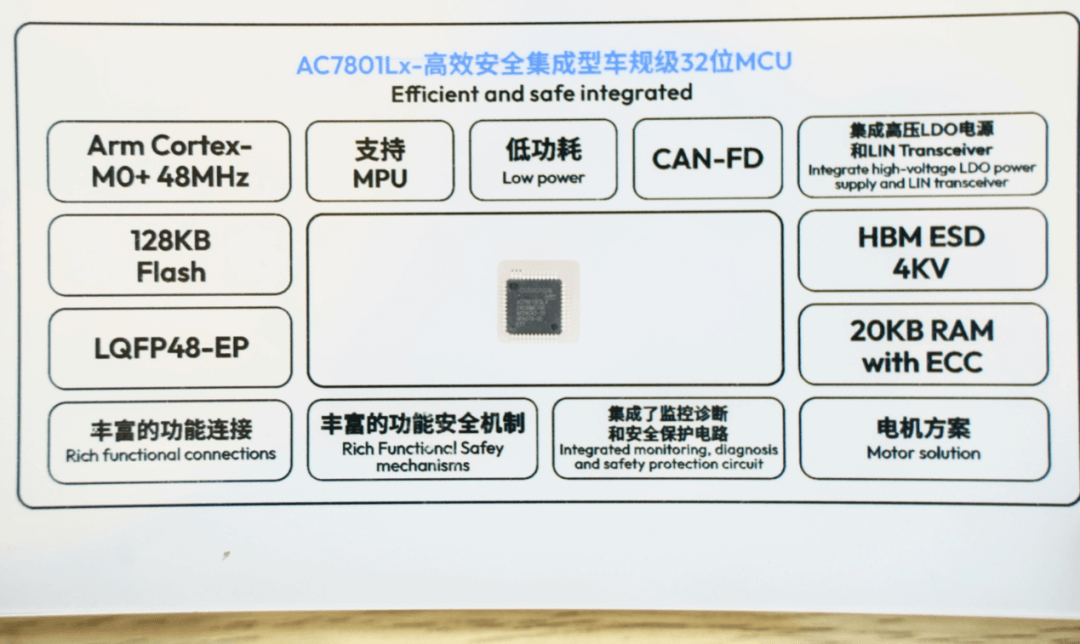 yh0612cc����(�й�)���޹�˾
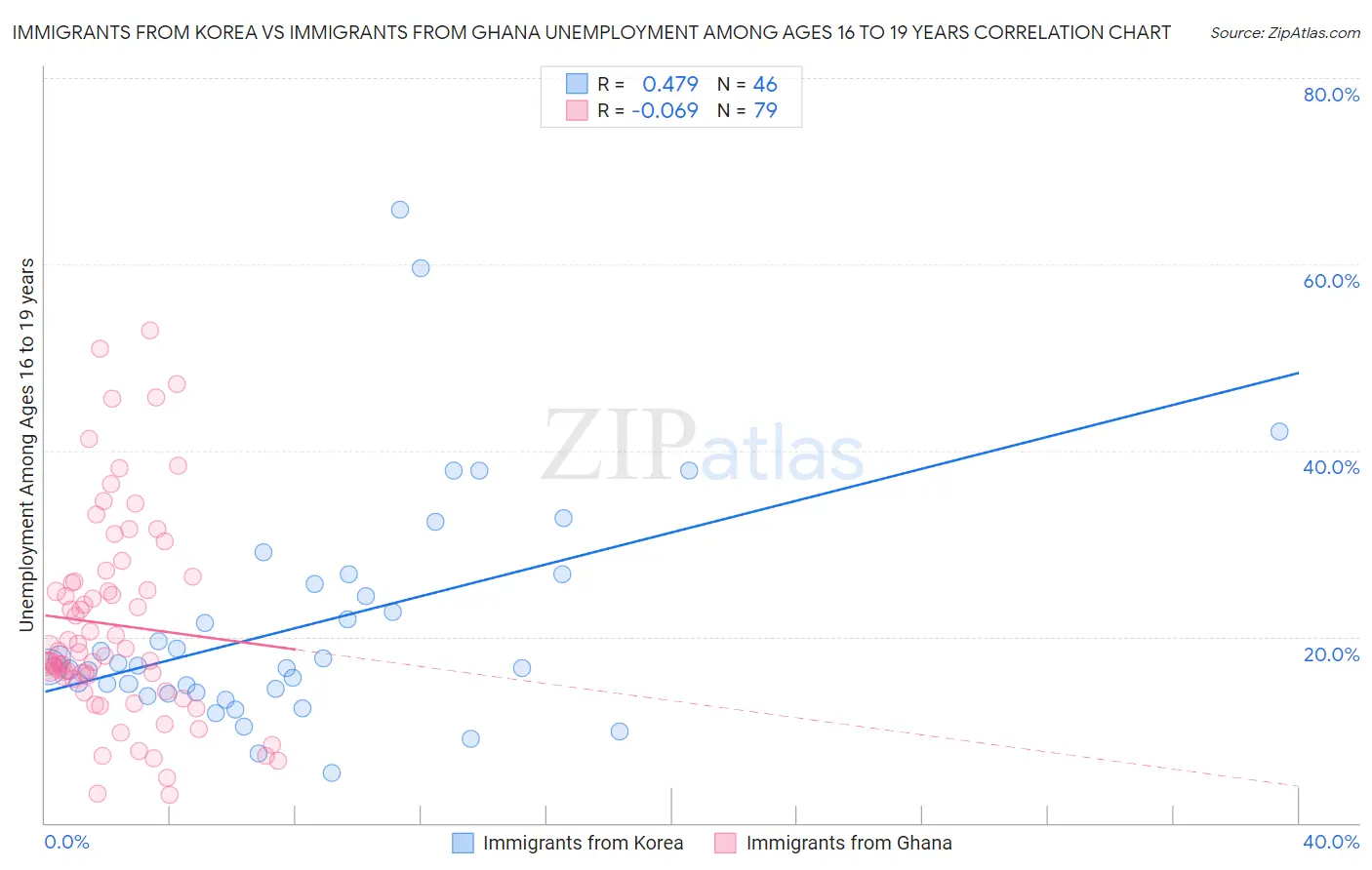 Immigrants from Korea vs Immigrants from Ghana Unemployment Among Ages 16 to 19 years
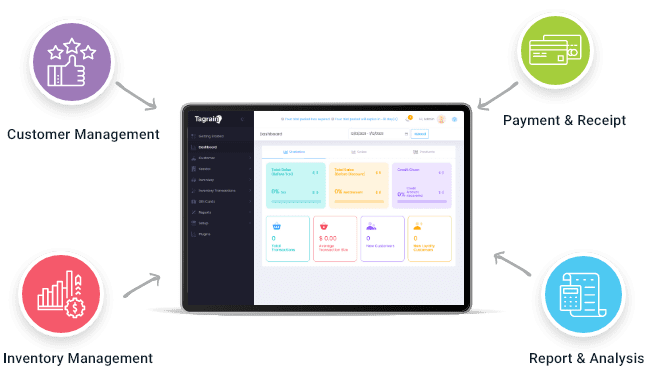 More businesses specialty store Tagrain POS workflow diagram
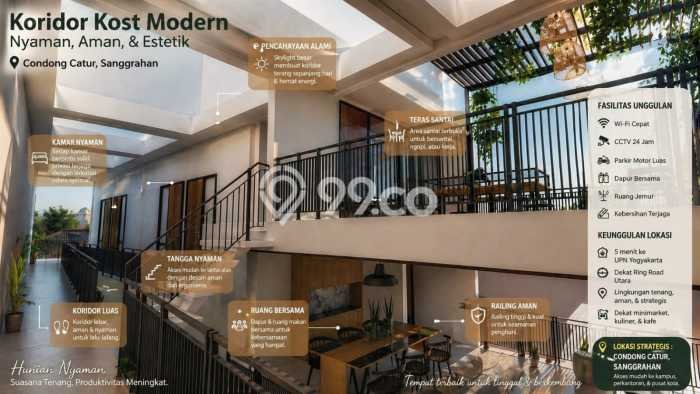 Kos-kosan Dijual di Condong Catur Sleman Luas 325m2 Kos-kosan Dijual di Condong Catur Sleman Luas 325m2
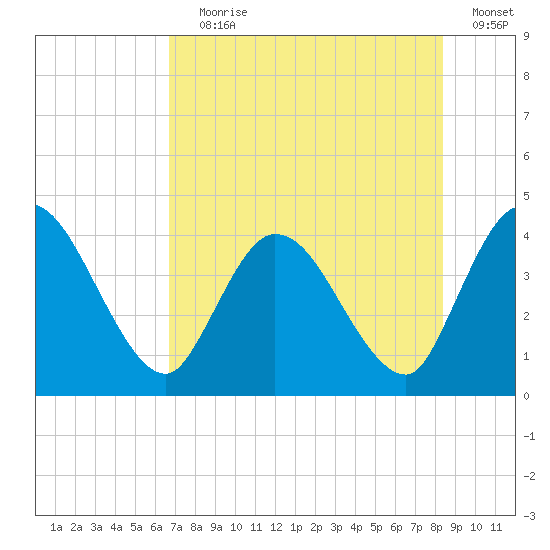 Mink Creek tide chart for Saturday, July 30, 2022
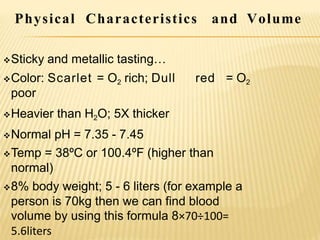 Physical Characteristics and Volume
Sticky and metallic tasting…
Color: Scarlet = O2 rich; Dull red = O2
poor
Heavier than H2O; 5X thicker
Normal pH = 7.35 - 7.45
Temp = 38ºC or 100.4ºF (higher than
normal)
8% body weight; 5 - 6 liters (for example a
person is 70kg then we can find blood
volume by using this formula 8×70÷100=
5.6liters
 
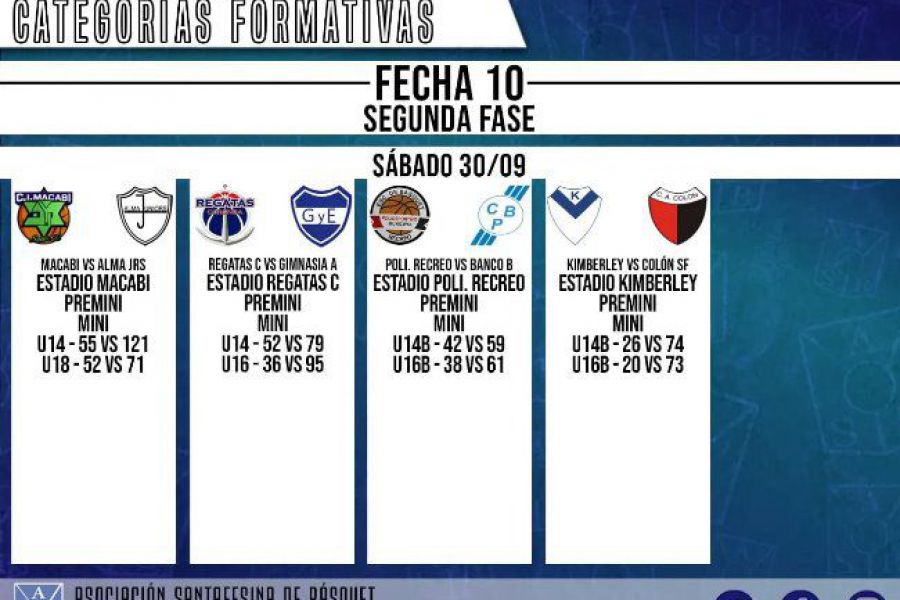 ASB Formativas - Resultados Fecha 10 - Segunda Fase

━━━━━━━━

* _WHAT THE TASK ASKS_
Please output all of the data exactly as given, omitting any images it holds.

* _ANSWER BOX_
 yh0612cc����(�й�)���޹�˾
 Immigrants from Korea vs Immigrants from Ghana Unemployment Among Ages 16 to 19 years
 More businesses specialty store Tagrain POS workflow diagram
 Kos-kosan Dijual di Condong Catur Sleman Luas 325m2 Kos-kosan Dijual di Condong Catur Sleman Luas 325m2
 Mink Creek tide chart for Saturday, July 30, 2022
 Physical Characteristics and Volume
Sticky and metallic tasting…
Color: Scarlet = O2 rich; Dull red = O2
poor
Heavier than H2O; 5X thicker
Normal pH = 7.35 - 7.45
Temp = 38ºC or 100.4ºF (higher than
normal)
8% body weight; 5 - 6 liters (for example a
person is 70kg then we can find blood
volume by using this formula 8×70÷100=
5.6liters
 
 ASB Formativas - Resultados Fecha 10 - Segunda Fase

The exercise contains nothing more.